**Directions**
With the images removed, return every line below exactly as it reads.

Data segment Start Marker

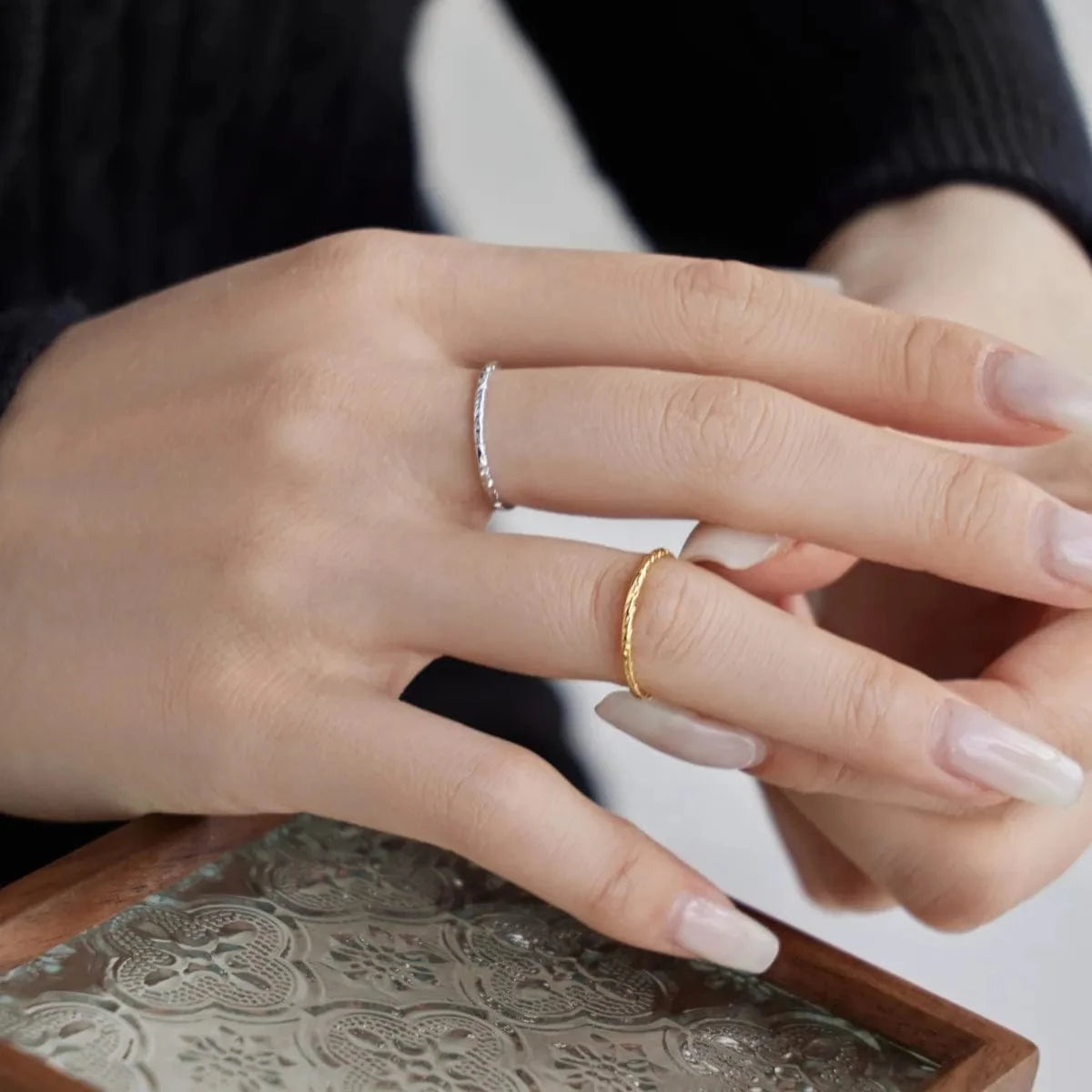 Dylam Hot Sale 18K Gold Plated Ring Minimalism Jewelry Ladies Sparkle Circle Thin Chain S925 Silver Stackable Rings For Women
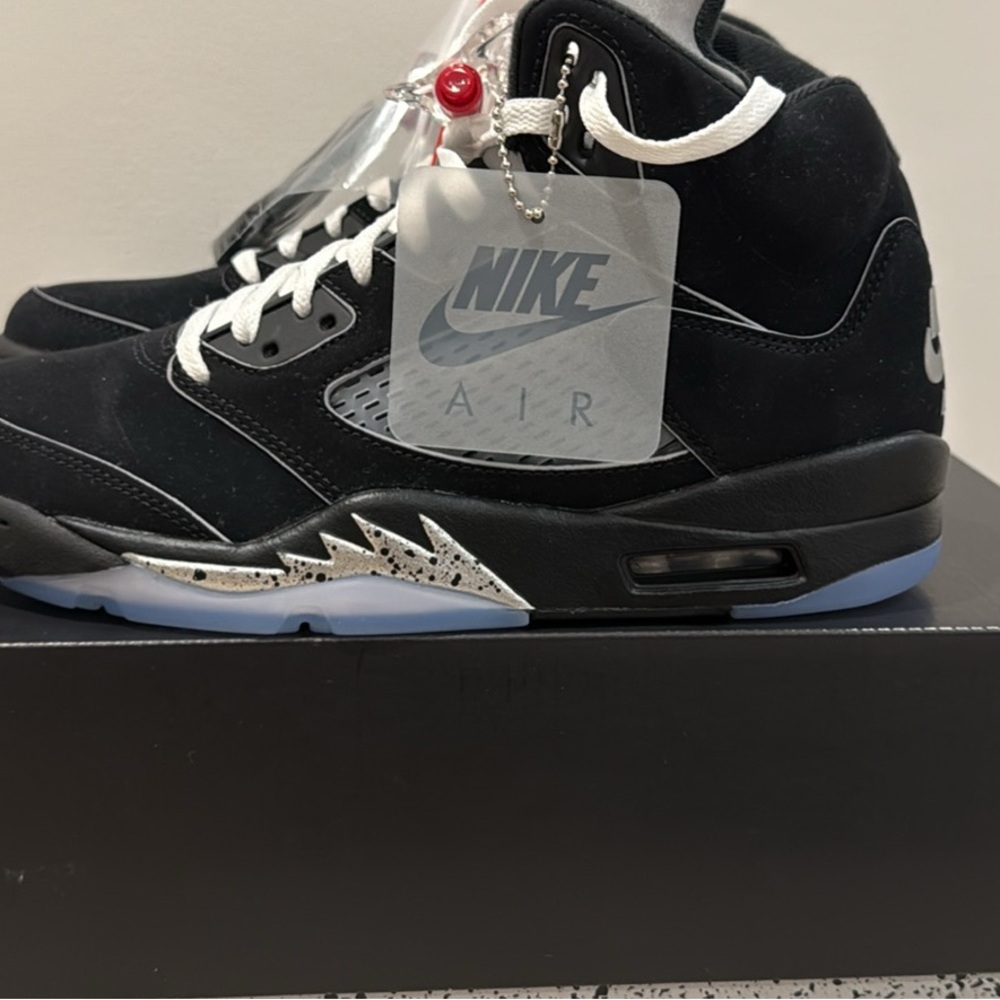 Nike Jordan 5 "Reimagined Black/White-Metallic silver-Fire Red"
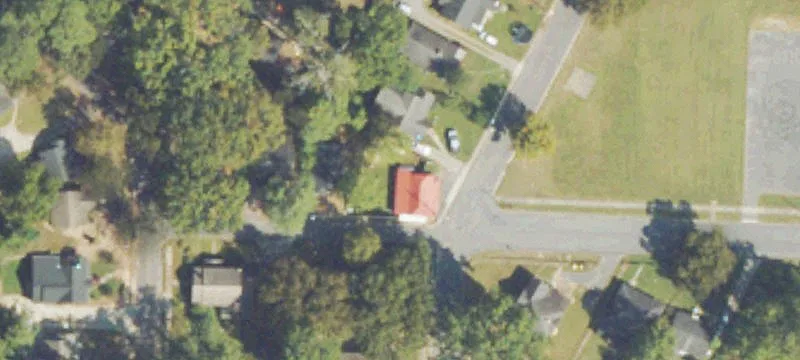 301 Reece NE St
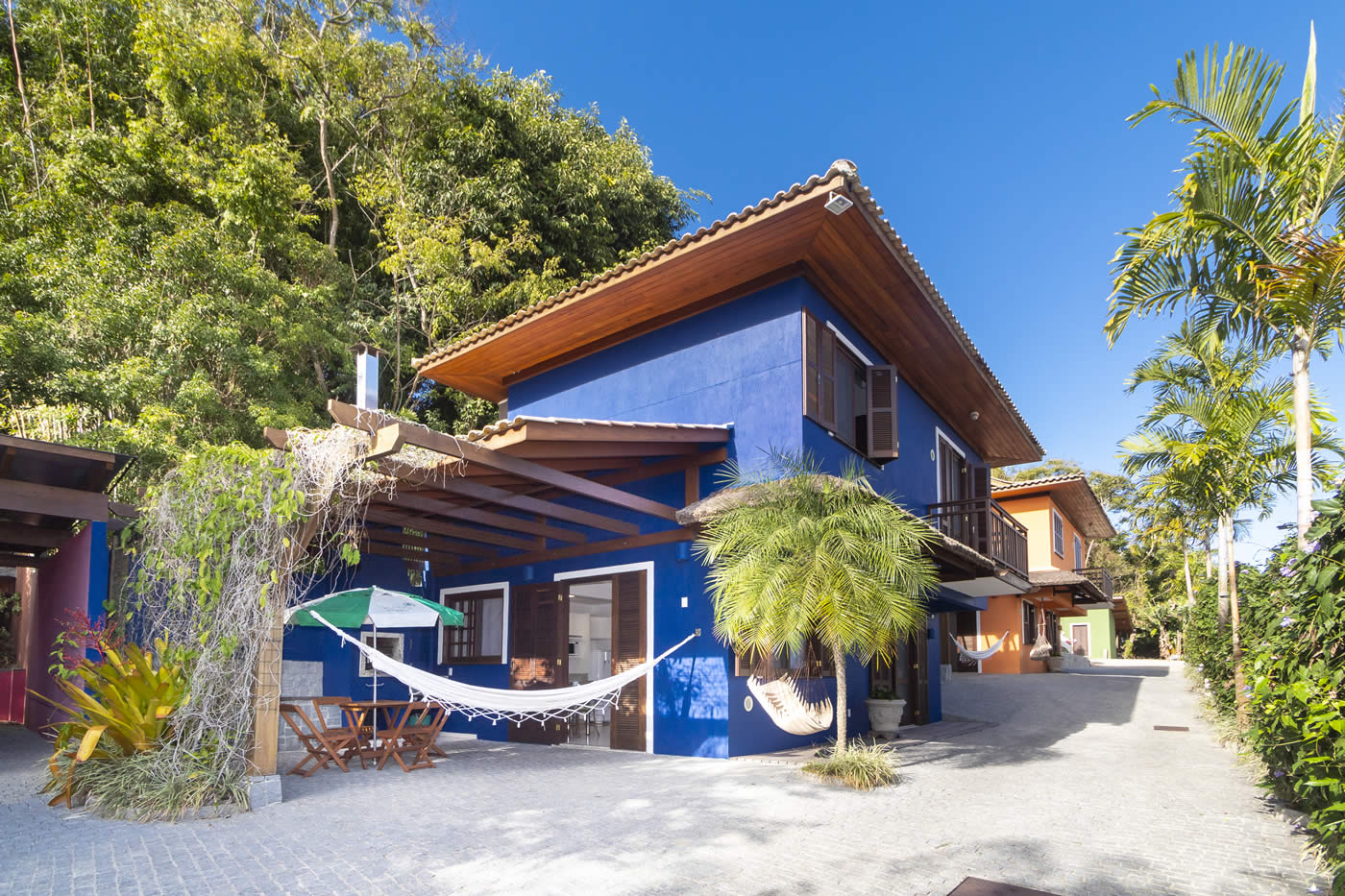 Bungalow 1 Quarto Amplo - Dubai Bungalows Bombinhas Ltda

Data segment End Marker

**Result**
 Dylam Hot Sale 18K Gold Plated Ring Minimalism Jewelry Ladies Sparkle Circle Thin Chain S925 Silver Stackable Rings For Women
 Nike Jordan 5 "Reimagined Black/White-Metallic silver-Fire Red"
 301 Reece NE St
 Bungalow 1 Quarto Amplo - Dubai Bungalows Bombinhas Ltda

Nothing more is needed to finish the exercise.